Per tutti noi è stata l’incarnazione dell’esistenzialismo. Vestita di nero, alta, magra, seducente, ha attraversato la storia francese con una dignità invidiabile. Citare le personalità che ha incontrato e frequentato è un’impresa.

MERLEAU-PONTY, Jean-Paul Sartre e Simon De Beauvoir sono affascinati dalla ragazzina curiosa, Jean-Pierre Wimille, pilota di auto da corsa è il suo primo amor fou (muore in un incidente sul circuito di Palermo in Argentina), ecco Miles Davis, lui ha 23 anni, lei 22, una passione travolgente che segna, soprattutto lui, poi Philippe Lemaire attore seducente, padre della sua unica figlia, Laurence-Marie, il produttore Darryl Zanuck la vuole sedurre, la fotografa finlandese Irmeli Jung la adora, Michel Piccoli la sposa in seconde nozze, seguito da Gèrard Jouannest, pianista e compositore con Jacque Brel, la accompagna e la sposa, per lei terza volta.
È il 1927 quando Juliette nasce il 7 febbraio a Montpellier.
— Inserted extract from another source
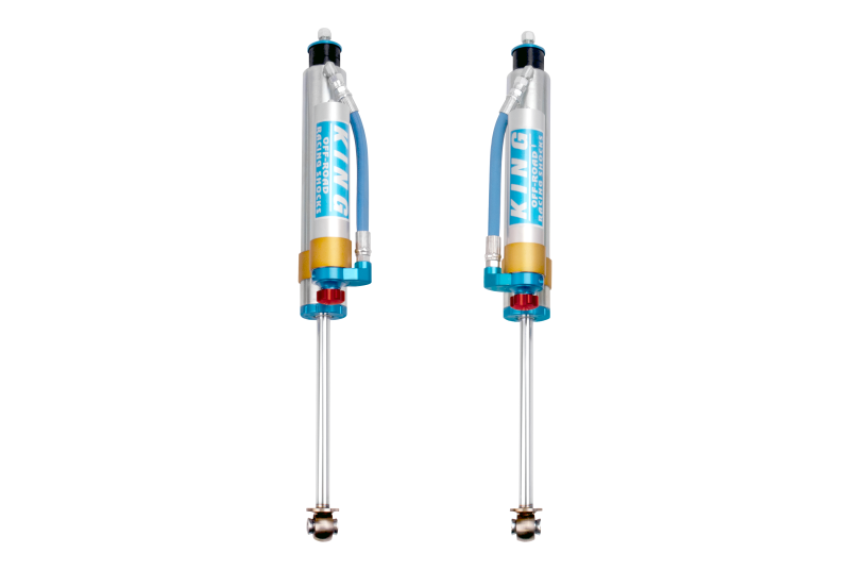 King Shocks 25001-223A JEEP JK 07-18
Vive con la mamma: il padre commissario di polizia le ha abbandonate. E con la sorella Charlotte, insieme vivono in termini decisamente anticonformisti, sino a quando le figlie vengono affidate al nonno, a Parigi, architetto, anche lui di sinistra. Quando scoppia la guerra, il nonno è morto, sfollano tutte in Dordogna. La mamma, che fa parte della resistenza, viene arrestata. Insieme a lei Charlotte, più grandicella: vengono inviate in campo di concentramento. Anche Juliette viene arrestata, ma avendo solo sedici anni, dopo tre settimane la rilasciano.
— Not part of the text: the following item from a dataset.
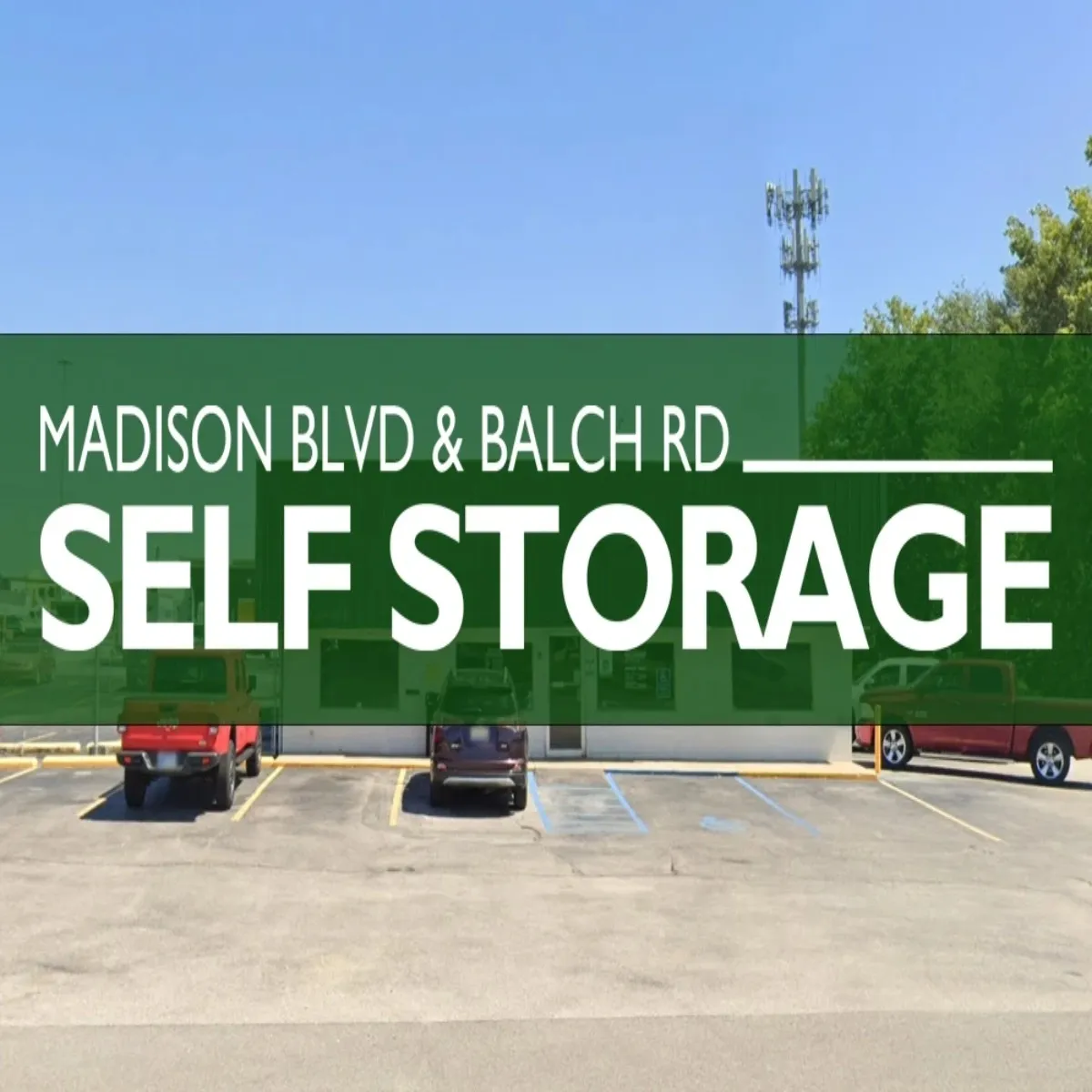 Balch Storage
SI RITROVA così a Parigi, a Saint-Germain des Prés, canta e vuole diventare attrice, iniziando una vita da bohème con qualche sporadica scrittura. Rientrano Charlotte e mamma che però pensa solo a Antoinette, la sua amante. Juliette comprende che le tocca far da sola, anche perché mamma parte per l’Indocina e addio. Così incontra Jean-Paul Sartre e Simone De Beauvoir, Albert Camus e molti altri tra cui Michel de Ré che le offre un ruolo in una pièce teatrale (Victor di Roger Vitrac) in cui deve interpretare una donna di trenta anni. Juliette non ne ha ancora venti.
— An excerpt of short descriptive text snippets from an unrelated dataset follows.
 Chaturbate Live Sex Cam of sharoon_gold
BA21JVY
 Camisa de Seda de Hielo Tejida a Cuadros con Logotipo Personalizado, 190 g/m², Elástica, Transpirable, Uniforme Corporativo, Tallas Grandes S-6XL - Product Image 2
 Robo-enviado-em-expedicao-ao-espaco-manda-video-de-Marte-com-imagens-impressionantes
OSTINATA si adatta a fare diversi lavori, ma intende mantenere la sua dignità. Nel 1949, Charlotte si è nel frattempo sposata e la madre ha tagliato i ponti economici. Marc Doelnitz intende riaprire Le Boeuf uno storico locale di cabaret e sostenuto da Sartre, Cocteau e Anne-Marie Cazalis la convince a cantare. Già, ma cosa? Sartre le sottopone molte poesie, lei sceglie Si tu t’imagines, di Raymond Queneau, e L’Eternel féminin, di Jules Laforgue. Sartre le presenta anche il suo amico compositore Joseph Kosma. Cinque giorni dopo debutta davanti a Sartre, Beauvoir, Cocteau, Camus, Marlon Brando. Dopo aggiunge anche in repertorio Les Feuilles mortes, di Prévert (musica di Kosma).

Il resto è storia, ma anche leggenda, perché Juliette ha attraversato decenni e paesi con la stessa agilità intellettuale e la stessa straordinaria presenza acquisita in quei primi anni del dopoguerra. Caetano Veloso si chiedeva cosa fosse un esistenzialista e un amico gli rispose: un filosofo parigino che fa tutto, ma assolutamente tutto quel che vuole. Anche al cinema dove recita per Jean-Pierre Melville (Labbra proibite), Jean Renoir (Eliana e gli uomini), oltreoceano con John Huston (Le radici del cielo). E nel celebre sceneggiato televisivo degli anni Sessanta Belfagor ovvero Il fantasma del Louvre.

SAREBBE troppo citare l’infinità di concerti e di canzoni che Juliette ha portato in trionfo ovunque nel mondo. Vogliamo citare solo un album, del 2013, quindi già in età matura, dedicato al grande amico Jacques Brel, dodici titoli del poeta musicista che «ho capito perché amavo tanto, a causa di questa visione senza sdolcinature».
Ora se ne andranno di nuovo a filosofeggiare, a cantare, a scrivere, a divertirsi, perché quel che conta è fare tutto, assolutamente tutto quel che uno vuole.